Niger began counting the votes Sunday from an election that is expected to lead to the West African nation's first transfer of power between two democratically elected presidents.
The voting process went on smoothly on Sunday and were no reports of widespread disruptions.
The West African country, unstable since gaining independence from France 60 years ago, is ranked the world's poorest country according to the UN's Human Development Index.
Around 7.4 million people were registered to vote in the presidential ballot, which coincided with legislative polls.
"I expect the Nigerien president to put security, health, progress and democracy first," Aboubakar Saleh, a 37-year-old launderer, told AFP in the capital Niamey without revealing his choice among the 30 candidates.
Issaka Soumana, a 52-year-old lorry driver, said he wanted change.
"Niger is not moving forward.
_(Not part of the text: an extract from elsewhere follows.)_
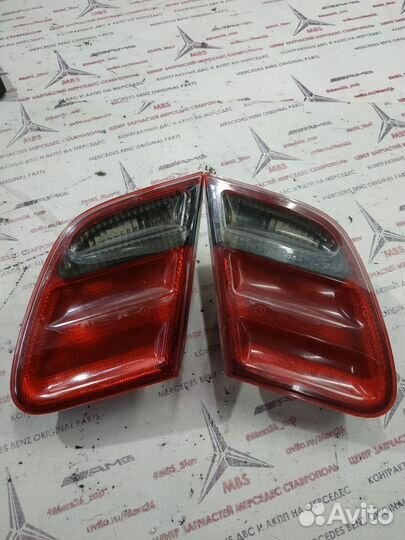 Фонари внутренние w210 Mercedes рест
Our country must rise," he said, brandishing his ink-stained thumb to show he had cast his ballot.
President Mahamadou Issoufou, who was elected in 2011 after the country's last coup in 2010, is voluntarily stepping down after two five-year terms.
"It is a special day for Niger which will experience for the first time in its history a democratic transition," Issoufou, 68, said after voting at the Niamey city hall.
He noted that Sunday's vote was the first in which he did not take part in three decades in the predominantly Muslim country.
At some polling stations in Niamey, voters saw to it that men and women formed separate queues to vote.
The frontrunner is Issoufou's designated successor, Mohamed Bazoum, 60, a former interior and foreign minister.
"It is a great source of pride that this date of December 27 has been respected," Bazoum said after voting.
He campaigned on promises of emphasising security and education, especially for young girls in a country with the world's highest fertility rate -- 7.6 children per woman.